M. Hippolyte Fortoul, tout en reconnaissant ces défauts de la nouvelle école germanique, dans le livre qu’il vient de publier sur l’Art en Allemagne[1], nous a paru beaucoup trop disposé à les excuser, et, disons plus, à les imiter. L’esthétique allemande a trouvé tout à la fois en lui un traducteur et un apôtre passionné. Le fond de ses théories, la forme audacieuse et parfois confuse dont il les revêt, l’enthousiasme qu’il affecte et dont il fait le bizarre auxiliaire de la critique, tout cela semble autant d’emprunts aux habitudes des théoriciens des écoles contemporaines, aux Rumorh, aux Boisserée, aux Dursch, aux Ottfried Müller. Ardent, comme les néophytes le sont toujours, M. Hippolyte Fortoul, dans l’exposition de ces doctrines nouvelles, s’est laissé trop souvent emporter à d’étranges écarts ; il a voulu ressembler aux maîtres, et comme eux il court le risque non-seulement de n’être pas compris, mais même de ne pouvoir lui-même se parfaitement comprendre. Nous le mettrions, par exemple, au défi de nous donner une explication satisfaisante de l’application de la formule ternaire théologique à l’histoire de l’art, dont il assure avoir fait la base de son système, application qu’il assure même avoir faite à l’ensemble de son livre, au fond duquel, assure-t-il, on doit la retrouver.
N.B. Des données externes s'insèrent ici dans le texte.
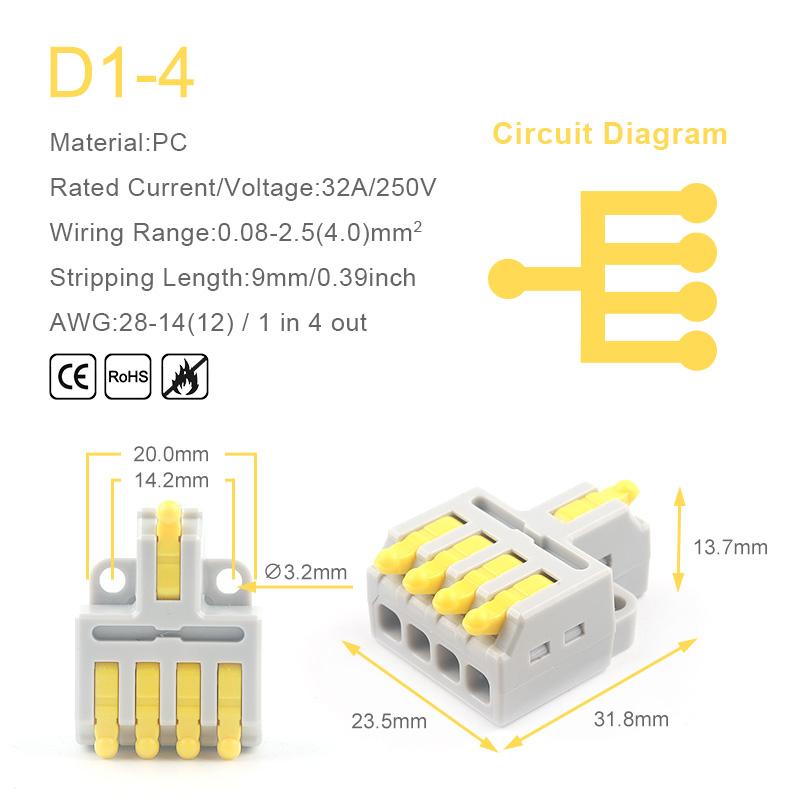 5/10PCS Mini 1 In Multiple Out Quick Cable Connector With Screw Hole Compact Butt Push-in Splitter Splice Terminal Block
Nous avons vainement cherché dans le livre de M. Fortoul quelque chose de semblable, nous n’y avons trouvé qu’une suite d’articles souvent intéressans, quelquefois singuliers, sur les sujets les plus divers : architecture, peinture, sculpture et musique ; art grec, italien, bysantin et allemand ; revue succincte des écoles, description de monumens, biographie des grands artistes, le tout souvent confus, chargé de répétitions, en un mot disposé sans méthode, et manquant absolument d’ensemble, quelque effort qu’ait pu faire M. Fortoul pour être méthodique, quelque prétention qu’il affecte à un grand ensemble. Nous nous occuperons, dans l’occasion, de quelques-unes de ces vues de détail de M. Fortoul ; revenons à notre sujet.

  1. De l’Art en Allemagne, par M. Hippolyte Fortoul ; 2 vol., Paris, 1842.